How To Predict Flight Delays with AutoML

Or: Will your plane land on time?

Read time: 7 minutes

Hey there,

Get ready for takeoff!

Today we take a look under the hood of a use case that helps airlines predict whether or not their planes will land on time.

We use Azure AutoML to train a machine learning model, but the same concepts work on other cloud platforms like GCP or AWS as well.

Let's go!

Want to find good data & AI use cases for your business? Then join my upcoming live cohort in December: Book a free 1:1 call with me for more details!

Problem Statement

Imagine we're a businesss analyst at an airline such as AA, and our task is to maintain a dashboard for reporting on a business-critical metric.

In our case, this metric is the percentage of flights that are currently in the air and are expected to be delayed by more than 15 minutes.

For our example, let's assume that every hour we receive data with all flights that have departed in the last 60 minutes.

These hourly batches contain information about the flight details (origin, destination, flight number, etc.) and the flight delay at departure.

So, for example, if we look at a dataset between 9:00 and 9:59, the information in that dataset will contain the flights that departed between 8:00 and 8:59.

To make this example less complicated, we ignore time zones and assume that all timestamps are in coordinated universal time (UTC).

Our current approach to calculate the proportion of delayed flights at arrival is to simply take the proportion of delayed flights at departure.

After all, if a plane took off late, it'll probably arrive late, right?

Well, not always.

It turns out that this approach isn't bad, but not very accurate either.

If we use only the departure delay data to predict whether there will be a delay in arrival, we achieve a precision of 74% and a recall of 70%, or an F1-score of 0.72 when we combine thw two.

Our goal is to come up with a new classifier that manages to beat this 0.72 F1-score, so we can make even more accurate predictions about flight delays on arrival.

Solution Overview

To improve the prediction for late arrival, we use a machine learning model trained by Auto ML on historical data.

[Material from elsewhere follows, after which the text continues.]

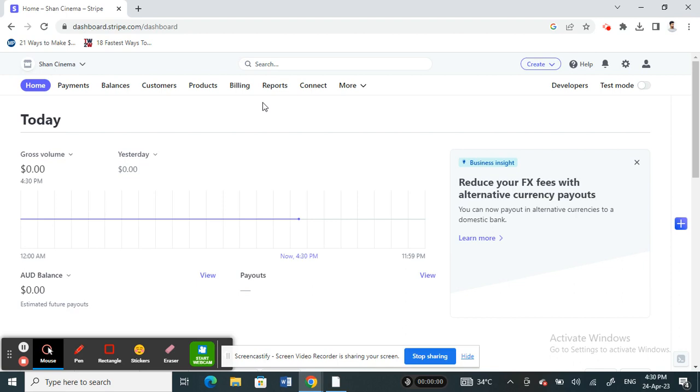Stripe will build trust on your account based on your frequent and consistent transactions. Based on that, they will try to accelerate or prioritize your account for instant payout. So this is the basic technique or criteria that you can build in order to get an instant payout, as there is no other direct way to do that.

Here's a conceptual overview of the architecture for this use case:

In the Data layer we have two data sources:

  1. Historical flight data provided as a CSV file

  2. Live data in the form of hourly batches that are consumed by our BI system

In the Analysis layer, we use Azure ML studio's AutoML service to learn patterns from historical flight data and use this information to classify new data points (hourly flight batches ) whether or not these flights are likely to be delayed.

At the User layer, we use a small Python (or R) script in Power Query to retrieve the online predictions from the Azure ML Studio API and feed the results back into Power BI and present the results in a Power BI report.

Note: Power BI and Azure ML can also be integrated natively, without R or Python programming. However, this requires a Pro or Premium Power BI licence. Also, the R/Python script gives you more flexibility if you want to connect another AI/AutoML service that's not hosted on Azure.

Model training with AutoML

If you want to follow allong, check out the resource links below!

To train our model on historic data, we'll visit Azure ML Studio and start a new Automated ML job:

To get started, we need to provide some data.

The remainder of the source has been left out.